Public relations practitioners and attorneys often find themselves on opposite sides of the fence when dealing with crisis communication situations.
PR folks encourage their clients to be honest and transparent in a crisis, admit to any wrongdoing, show compassion and contrition and move on. According to a Source, attorneys, who are paid to assume the worst, will encourage the client to admit to and say nothing.
As a marketing communications firm with extensive experience handling a wide variety of crises on behalf of clients, our GroundFloor Media (GFM) experts have learned that attorneys can be our best friends.
One of the key topics that PR practitioners should become very familiar with is attorney client privilege. As one attorney recently shared, start from the premise that everything we do and write is discoverable. Simply put, our work, including all client emails, plans, written communications (all drafts), texts and Skypes could be subpoenaed if your client is involved in litigation.
For example, you are writing a press release about the latest and greatest electric toothbrush for your client ABC Toothbrush Company, and like normal, you go back and forth with the client on language in the news release and create numerous drafts. You finalize the news release and send it out. Six months down the road, there is a product recall after the toothbrush catches fire and now there’s a class action lawsuit against ABC Toothbrush Company. All of your communications about the product, including all of your drafts, emails, comments, could become part of the lawsuit.
According to Bill Ojile, an attorney and partner at Armstrong Teasdale and former GFM client, in order to protect work product from having to be turned over in a court of law, it must fall under attorney client privilege. And to do this, outside legal counsel (or in-house counsel that is directly involved in the case), needs to be actively involved with the PR team. It’s not enough to mark the documents with “confidential: attorney client privilege” and copy the attorney on emails.
In the example of ABC Toothbrush Company, let’s assume you are now helping the client manage their crisis by preparing a communications strategy, including internal and external messaging, a holding statement, drafting FAQs, etc. In order to protect this communication, you must be actively working with the attorney on all communication and approvals.

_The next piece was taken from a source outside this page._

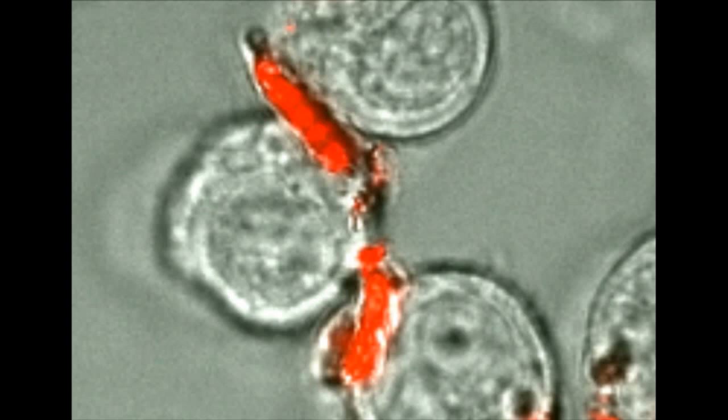What our group has developed, a few years ago, are the cell backpacks, which are polymer patches of about seven microns wide in diameter. It's about 300 nanometers in thickness. We can load drugs inside these polymer patches, and we can use the natural ability of immune system cells, which seek the disease in our body, and use those cells as drug carriers.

And to take it a step further, the outside counsel that was hired by ABC Toothbrush Company is now your client, and all payment for your services needs to come through them.
Ojile recommends that if you don’t already have a document destruction policy, create one and put it in writing. This includes drafts of all work product.
Often, we keep drafts of materials, such as a news release as a CYA for when a client wants to know why his quote was changed. You can go back to draft No. 7, for instance, to show how his boss was the one who made the change, not you. But having all seven drafts of a news release could be an issue if you have been subpoenaed and you have to turn over all drafts. We all include comments, language, track changes early on that could be misinterpreted in a court of law. Ojile recommends creating and following a policy to discard all drafts after three to six months.
Remember, if you are concerned that your client could end up in litigation, practice prudent paranoia and know how to protect your work written communications on behalf of your client.